#### WHAT IS EXPECTED
Could you return all of the listing below exactly, please?

#### SOURCE MATERIAL
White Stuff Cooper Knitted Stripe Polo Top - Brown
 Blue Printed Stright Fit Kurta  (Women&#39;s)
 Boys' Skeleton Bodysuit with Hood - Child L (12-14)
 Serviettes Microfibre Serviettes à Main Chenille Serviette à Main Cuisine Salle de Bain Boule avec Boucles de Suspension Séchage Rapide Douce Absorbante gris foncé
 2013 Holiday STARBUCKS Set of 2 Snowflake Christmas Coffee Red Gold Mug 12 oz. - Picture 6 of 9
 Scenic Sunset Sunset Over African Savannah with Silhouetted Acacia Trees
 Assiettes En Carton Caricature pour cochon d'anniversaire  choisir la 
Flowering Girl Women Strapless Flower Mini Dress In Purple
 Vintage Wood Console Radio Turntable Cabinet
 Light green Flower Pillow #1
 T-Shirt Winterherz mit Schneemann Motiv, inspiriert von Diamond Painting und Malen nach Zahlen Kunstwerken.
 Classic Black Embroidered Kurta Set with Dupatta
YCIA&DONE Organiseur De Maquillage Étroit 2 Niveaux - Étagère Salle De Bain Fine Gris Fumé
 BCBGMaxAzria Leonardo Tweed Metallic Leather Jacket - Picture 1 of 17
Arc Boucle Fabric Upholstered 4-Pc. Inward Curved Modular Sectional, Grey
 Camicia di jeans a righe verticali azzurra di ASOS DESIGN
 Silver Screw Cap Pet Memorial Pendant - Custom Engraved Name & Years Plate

#### EXERCISE RESULT
White Stuff Cooper Knitted Stripe Polo Top - Brown
 Blue Printed Stright Fit Kurta  (Women&#39;s)
 Boys' Skeleton Bodysuit with Hood - Child L (12-14)
 Serviettes Microfibre Serviettes à Main Chenille Serviette à Main Cuisine Salle de Bain Boule avec Boucles de Suspension Séchage Rapide Douce Absorbante gris foncé
 2013 Holiday STARBUCKS Set of 2 Snowflake Christmas Coffee Red Gold Mug 12 oz. - Picture 6 of 9
 Scenic Sunset Sunset Over African Savannah with Silhouetted Acacia Trees
 Assiettes En Carton Caricature pour cochon d'anniversaire  choisir la 
Flowering Girl Women Strapless Flower Mini Dress In Purple
 Vintage Wood Console Radio Turntable Cabinet
 Light green Flower Pillow #1
 T-Shirt Winterherz mit Schneemann Motiv, inspiriert von Diamond Painting und Malen nach Zahlen Kunstwerken.
 Classic Black Embroidered Kurta Set with Dupatta
YCIA&DONE Organiseur De Maquillage Étroit 2 Niveaux - Étagère Salle De Bain Fine Gris Fumé
 BCBGMaxAzria Leonardo Tweed Metallic Leather Jacket - Picture 1 of 17
Arc Boucle Fabric Upholstered 4-Pc. Inward Curved Modular Sectional, Grey
 Camicia di jeans a righe verticali azzurra di ASOS DESIGN
 Silver Screw Cap Pet Memorial Pendant - Custom Engraved Name & Years Plate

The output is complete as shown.